Data excerpt:
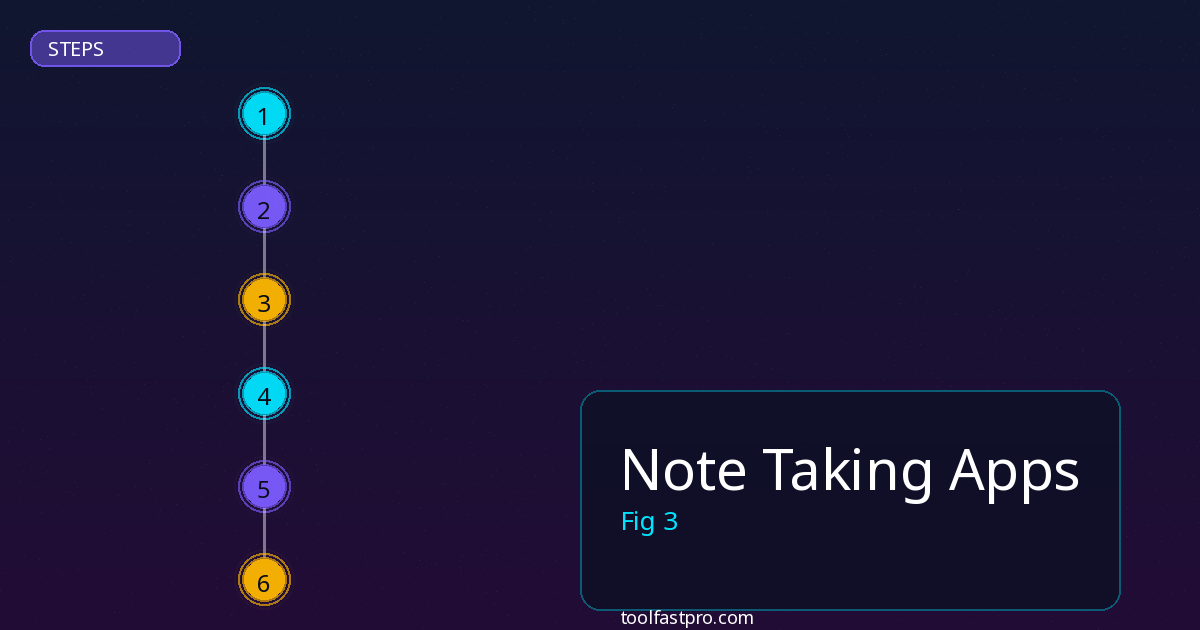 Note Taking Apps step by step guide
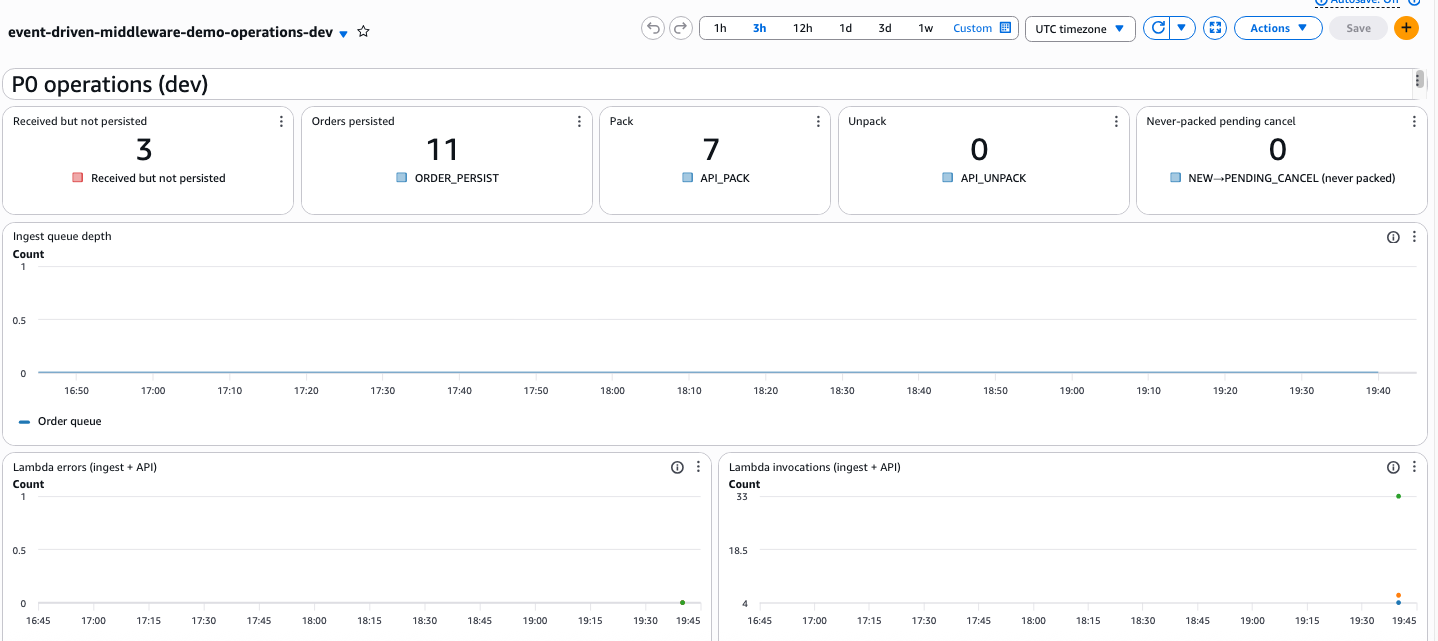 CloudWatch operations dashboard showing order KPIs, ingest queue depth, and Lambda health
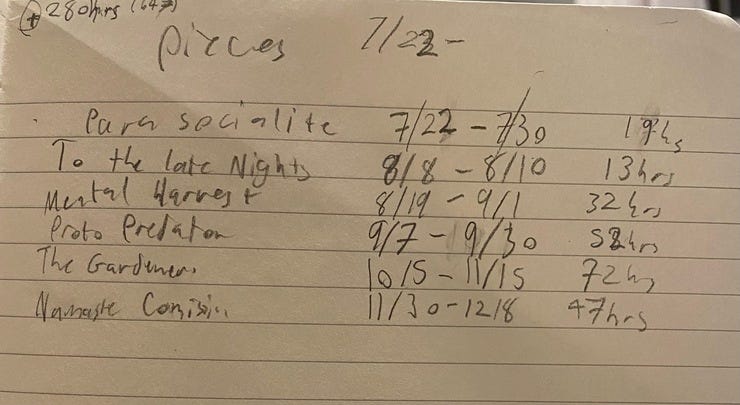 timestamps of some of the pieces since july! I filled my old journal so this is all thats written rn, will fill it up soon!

Work order:
Word for word, quote the lines above. Omit the pictures.

Expected answer:
 Note Taking Apps step by step guide
 CloudWatch operations dashboard showing order KPIs, ingest queue depth, and Lambda health
 timestamps of some of the pieces since july! I filled my old journal so this is all thats written rn, will fill it up soon!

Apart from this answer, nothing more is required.